ACTIVITY: Nothing but the lines from the first line of the entries through the line with "Digitale Geburtsanzeige Ankündigung" should appear in the answer, transcribed exactly and free of pictures.
[DATA TO EXAMINE]
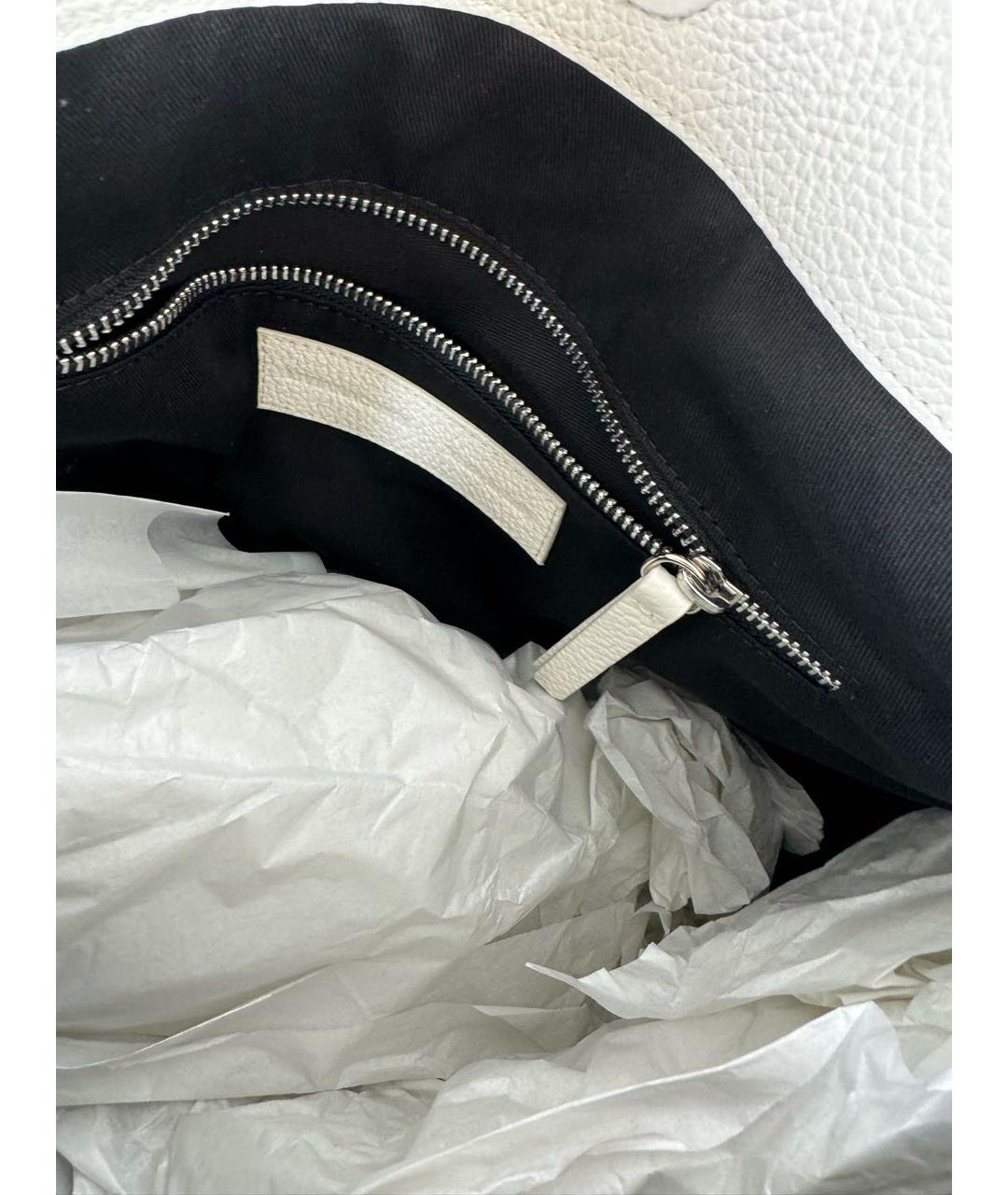 LIVIANA CONTI Белая кожаная сумка с короткими ручками, фото 4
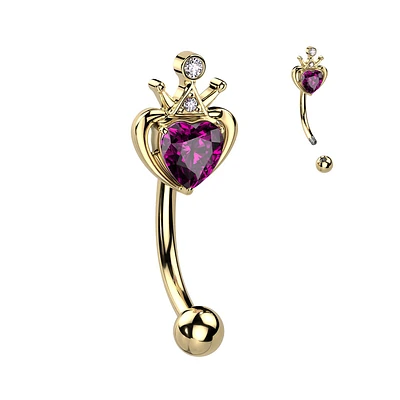 316L Surgical Steel Gold PVD Pink & White CZ Heart Crown Curved Barbell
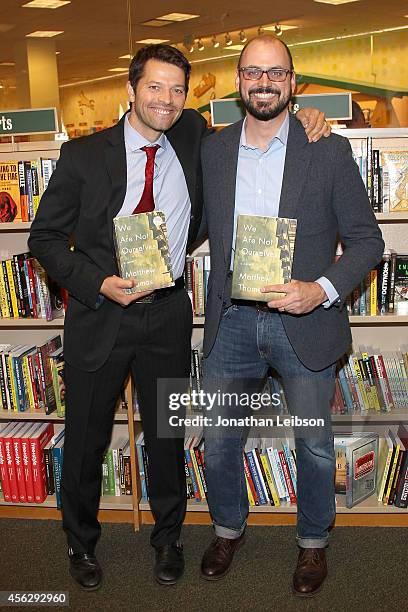 Misha Collins and Matthew Thomas attend the Matthew Thomas at Barnes & Noble bookstore at The Grove on September 28, 2014 in Los Angeles, California.
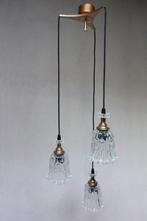 Retro vintage hanglamp met 3 stuks dik glazen kelken, Ophalen, Gebruikt, Glas, Vintage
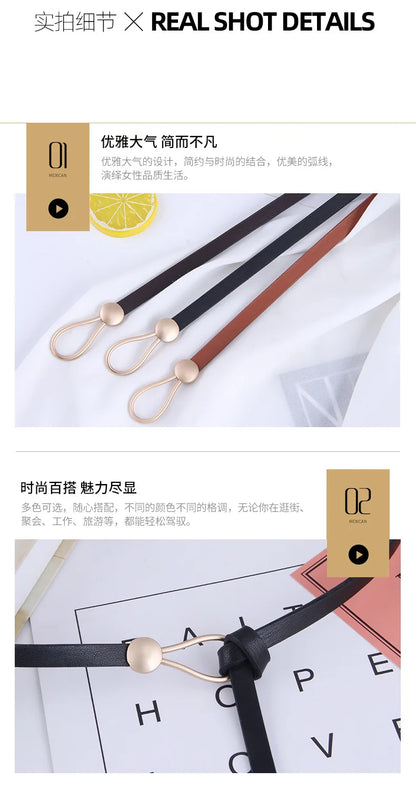 Women's leather belt with a stylish and versatile metal buckle, ideal for pairing with dresses, coats, and sweaters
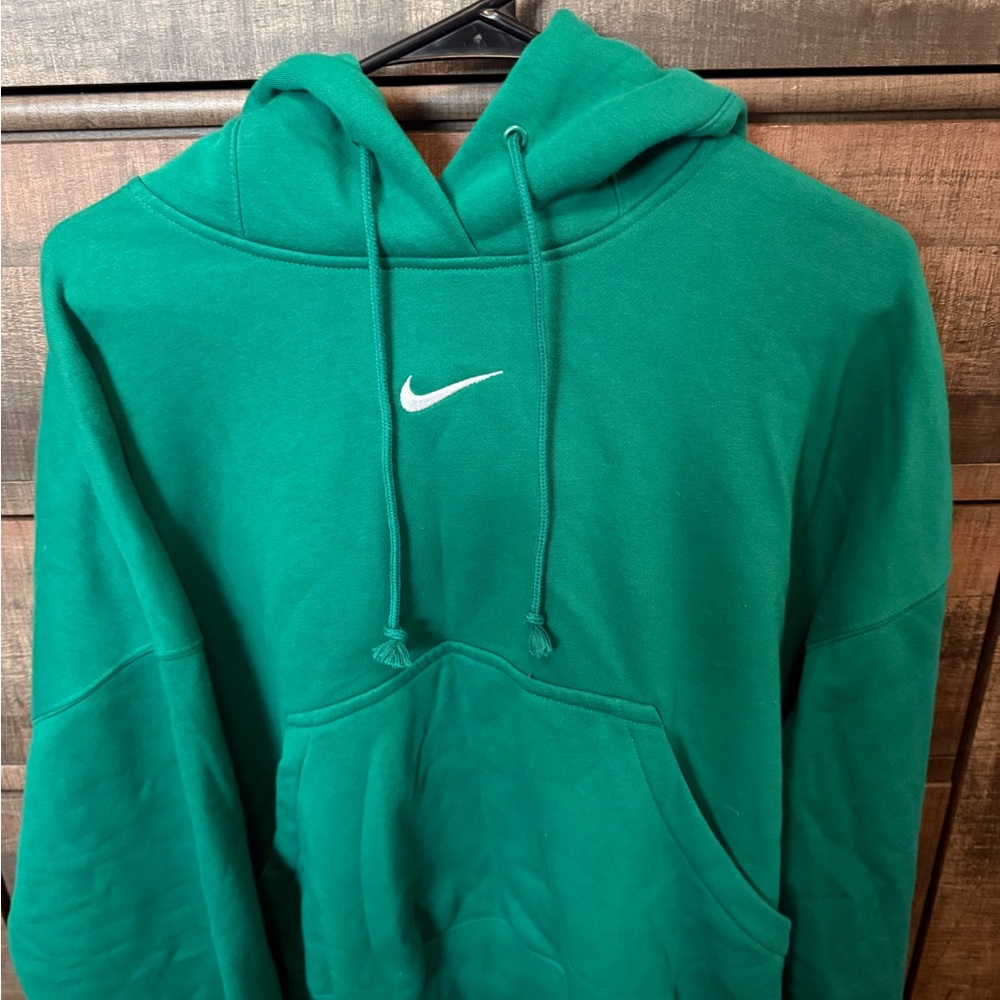 Nike Green Hoodie with White Swoosh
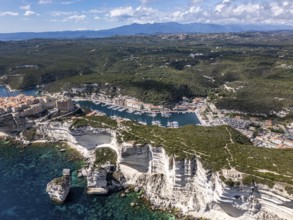 Aerial view, Bonifacio, Corsica, France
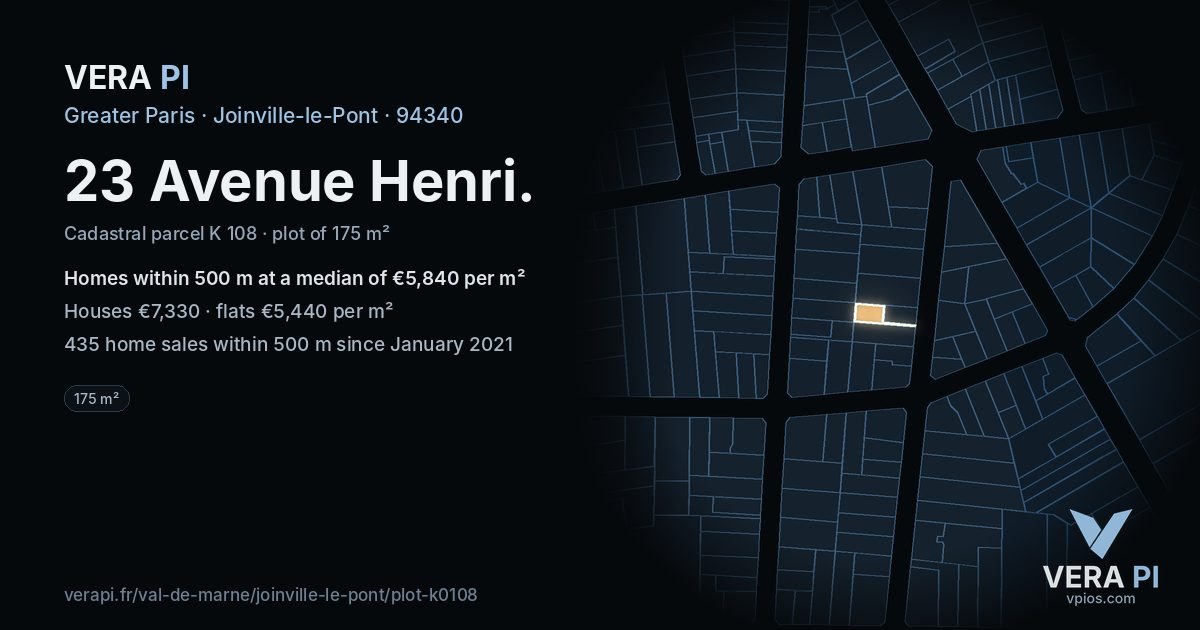 23 Avenue Henri, Joinville-le-Pont at night – the plot lit, the parcels around coloured by the prices near them
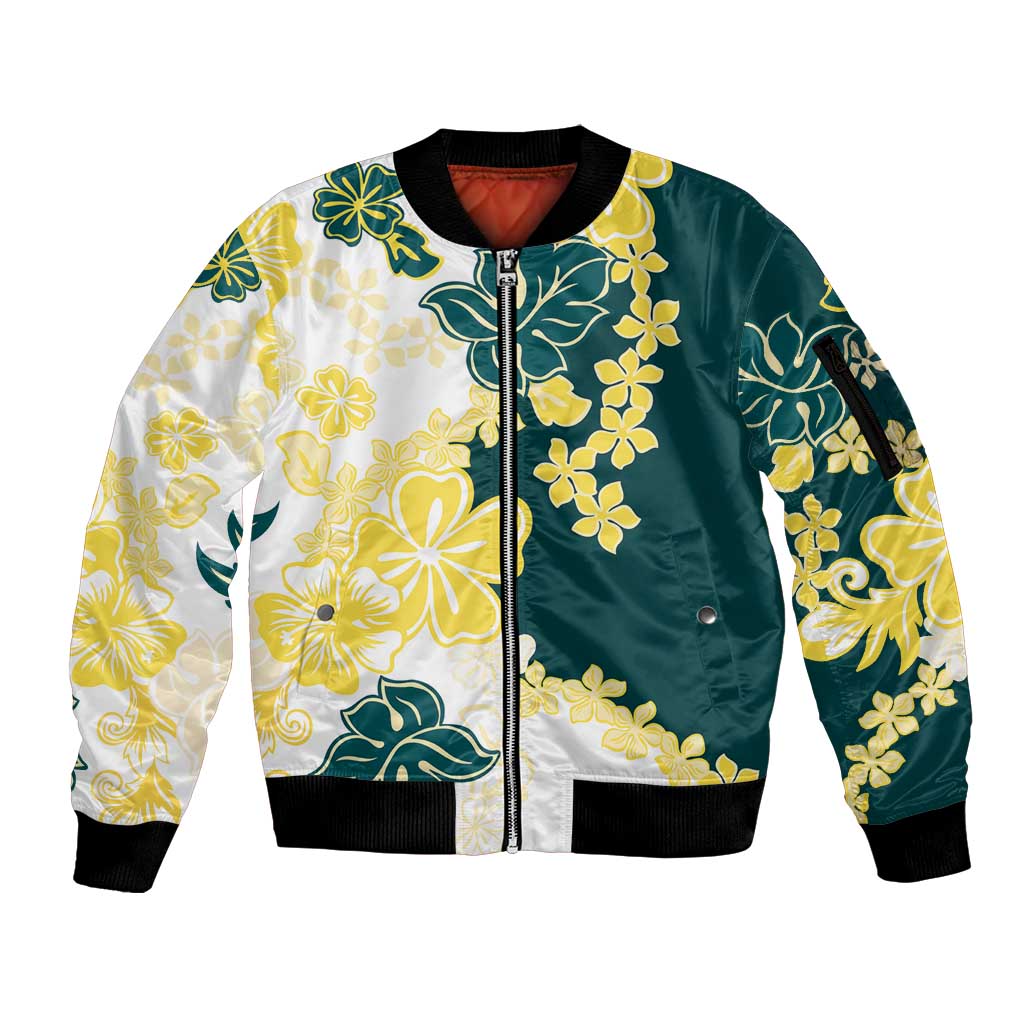 Yelow Teal Hibiscus Plumeria Floral Sleeve Zip Bomber Jacket LT01 Unisex Yellow - Polynesian Pride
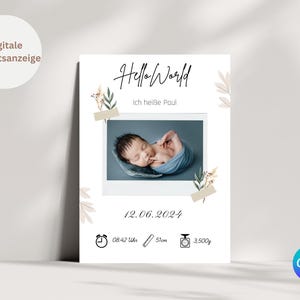 Digitale Geburtsanzeige Ankündigung Geburt Neutral Vorlage Geburtskarte Canva E-Card Geburt verkünden  personalisierbar Baby Trockenblume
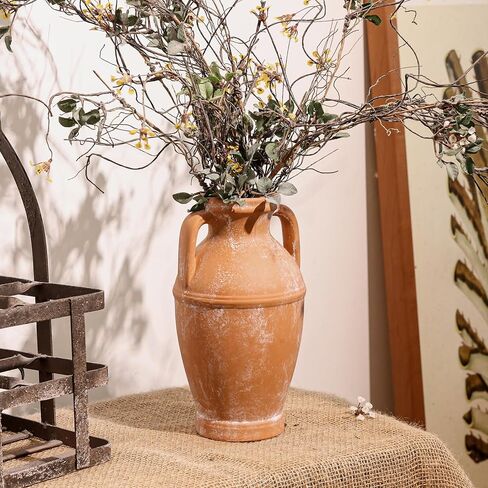 مزهرية ريفية من الطين من كومساف - مزهريات زهور خزفية للمزرعة، مزهرية ديكور منزلي عتيقة، مزهرية طينية، قطعة مركزية للطاولة، مزهرية لغرفة المعيشة، الحمام، ديكور الرف، 8.6 بوصة، تيراكوتا in Kuwait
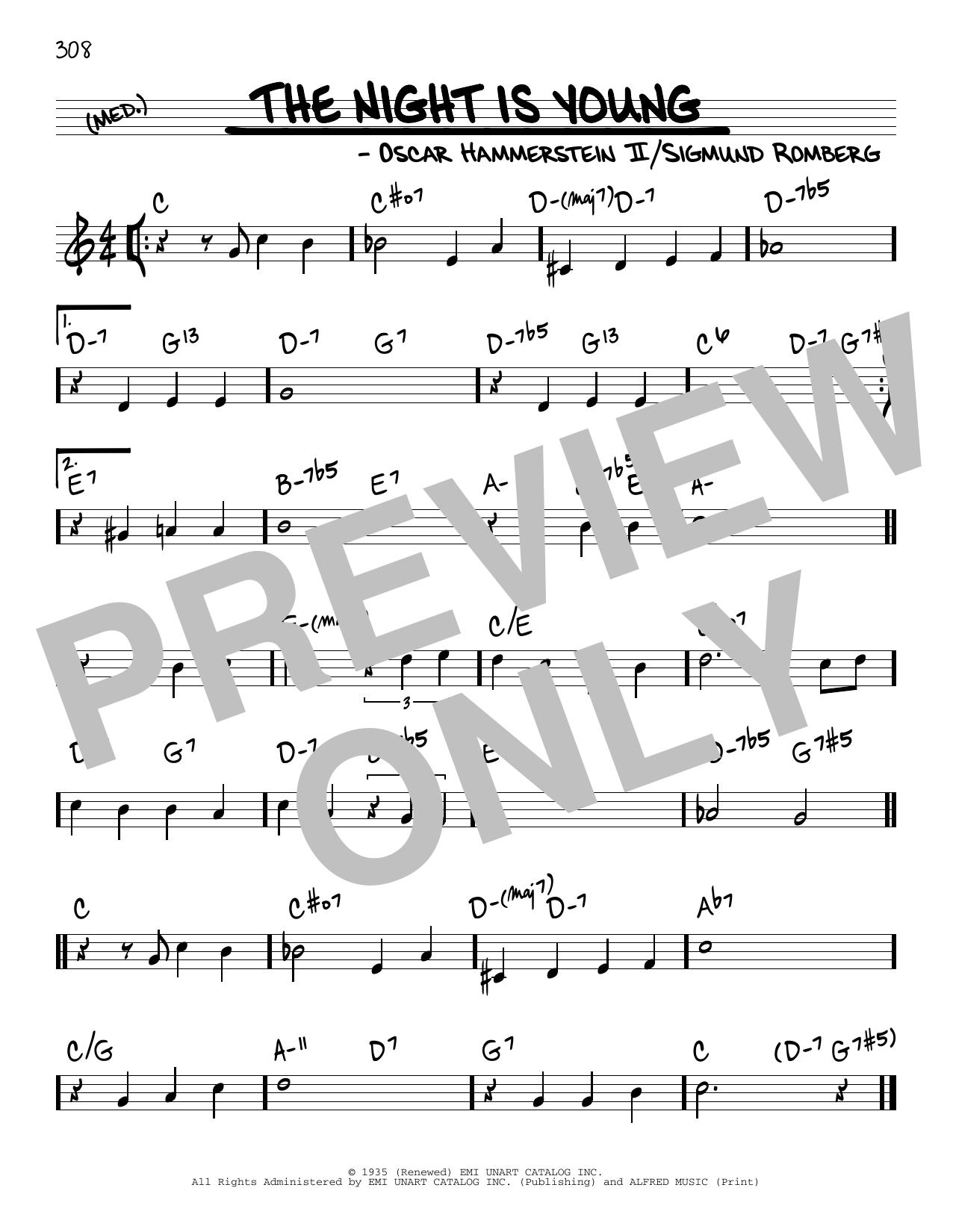 Download Oscar Hammerstein II The Night Is Young Sheet Music and learn how to play Real Book – Melody & Chords PDF digital score in minutes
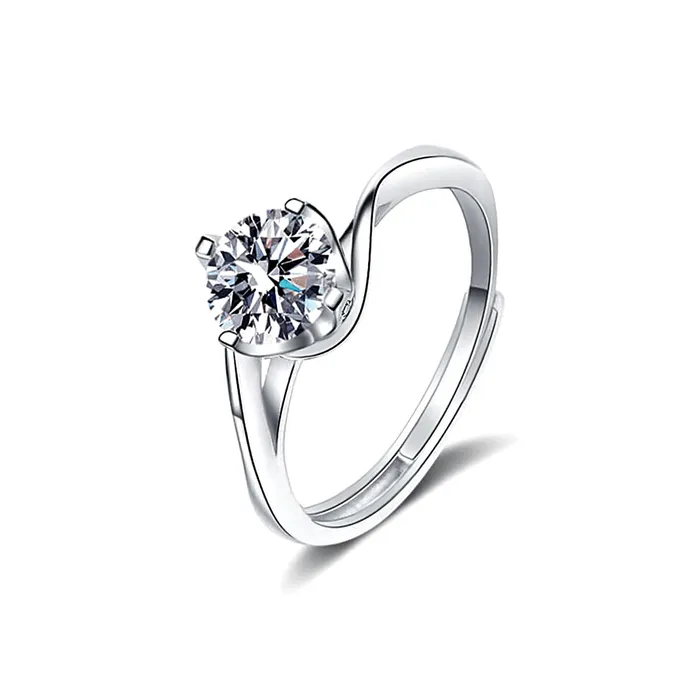 Rings Trendolla Jewelry 925 Sterling Silver Twisted Flower Moissanite Ring
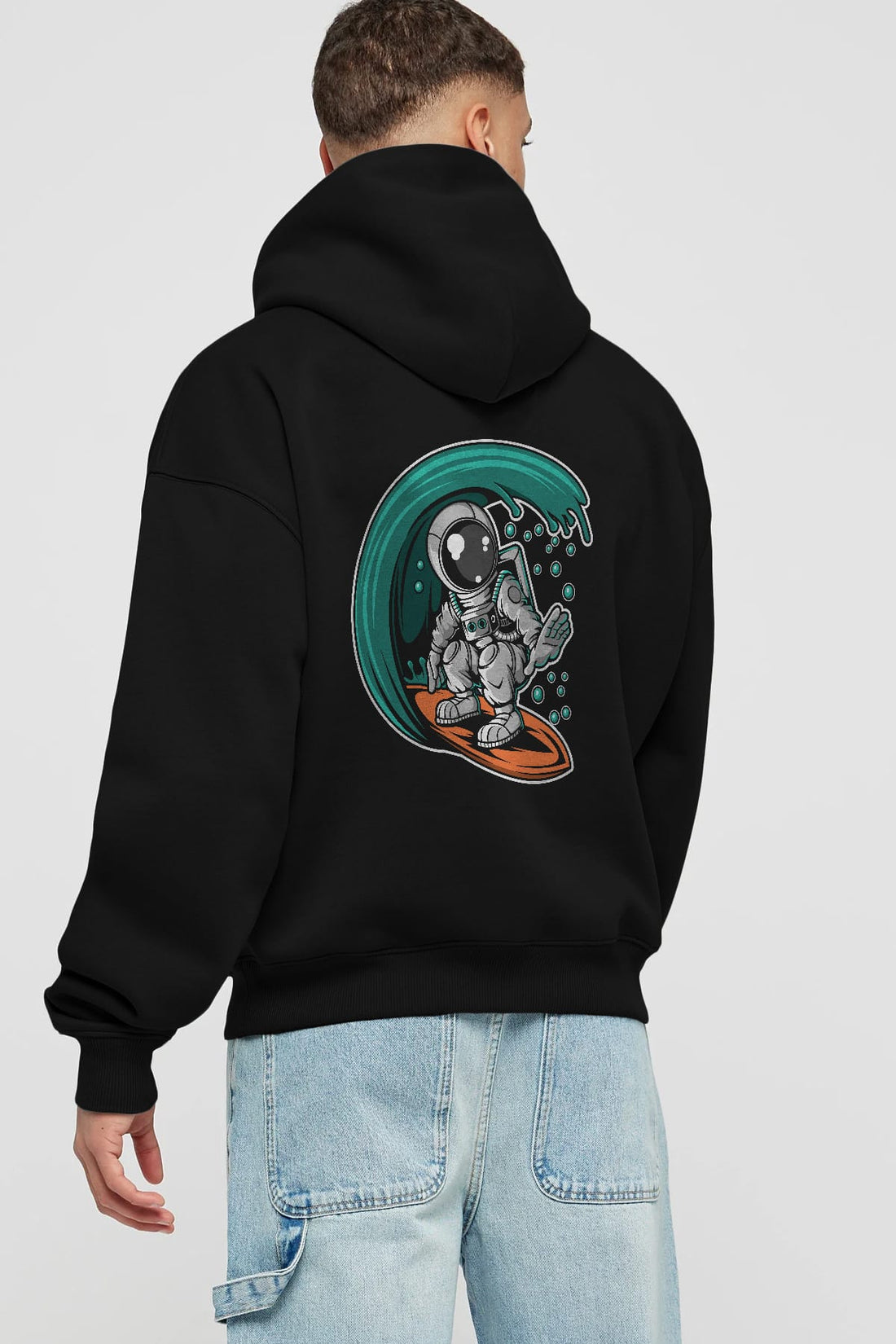 Astronaut Surfing Arka Baskılı Hoodie Oversize Kapüşonlu Sweatshirt Erkek Kadın Unisex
[/DATA TO EXAMINE]
WRITTEN ANSWER:
 LIVIANA CONTI Белая кожаная сумка с короткими ручками, фото 4
 316L Surgical Steel Gold PVD Pink & White CZ Heart Crown Curved Barbell
 Misha Collins and Matthew Thomas attend the Matthew Thomas at Barnes & Noble bookstore at The Grove on September 28, 2014 in Los Angeles, California.
 Retro vintage hanglamp met 3 stuks dik glazen kelken, Ophalen, Gebruikt, Glas, Vintage
 Women's leather belt with a stylish and versatile metal buckle, ideal for pairing with dresses, coats, and sweaters
 Nike Green Hoodie with White Swoosh
 Aerial view, Bonifacio, Corsica, France
 23 Avenue Henri, Joinville-le-Pont at night – the plot lit, the parcels around coloured by the prices near them
 Yelow Teal Hibiscus Plumeria Floral Sleeve Zip Bomber Jacket LT01 Unisex Yellow - Polynesian Pride
 Digitale Geburtsanzeige Ankündigung Geburt Neutral Vorlage Geburtskarte Canva E-Card Geburt verkünden  personalisierbar Baby Trockenblume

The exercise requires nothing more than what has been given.